Task brief:
Copy exactly the lines from the start of the data below through the one that carries "Frozen Raw Tuna", and only those.

*** Provided data Section Begins ***

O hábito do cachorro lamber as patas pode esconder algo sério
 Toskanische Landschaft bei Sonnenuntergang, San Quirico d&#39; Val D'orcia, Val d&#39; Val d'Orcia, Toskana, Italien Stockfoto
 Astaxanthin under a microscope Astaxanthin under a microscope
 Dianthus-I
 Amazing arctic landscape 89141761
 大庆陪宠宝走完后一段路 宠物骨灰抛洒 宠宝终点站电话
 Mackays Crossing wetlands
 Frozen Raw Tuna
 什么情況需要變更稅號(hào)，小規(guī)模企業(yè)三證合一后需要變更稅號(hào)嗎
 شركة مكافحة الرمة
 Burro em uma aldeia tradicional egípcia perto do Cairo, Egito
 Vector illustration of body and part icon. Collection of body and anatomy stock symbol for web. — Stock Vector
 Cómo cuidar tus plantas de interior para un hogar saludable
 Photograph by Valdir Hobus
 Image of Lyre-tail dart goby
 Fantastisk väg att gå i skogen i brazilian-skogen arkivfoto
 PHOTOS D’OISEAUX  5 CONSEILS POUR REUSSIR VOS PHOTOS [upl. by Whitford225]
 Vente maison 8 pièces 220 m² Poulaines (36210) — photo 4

*** Provided data Section Ends ***

Output below:
O hábito do cachorro lamber as patas pode esconder algo sério
 Toskanische Landschaft bei Sonnenuntergang, San Quirico d&#39; Val D'orcia, Val d&#39; Val d'Orcia, Toskana, Italien Stockfoto
 Astaxanthin under a microscope Astaxanthin under a microscope
 Dianthus-I
 Amazing arctic landscape 89141761
 大庆陪宠宝走完后一段路 宠物骨灰抛洒 宠宝终点站电话
 Mackays Crossing wetlands
 Frozen Raw Tuna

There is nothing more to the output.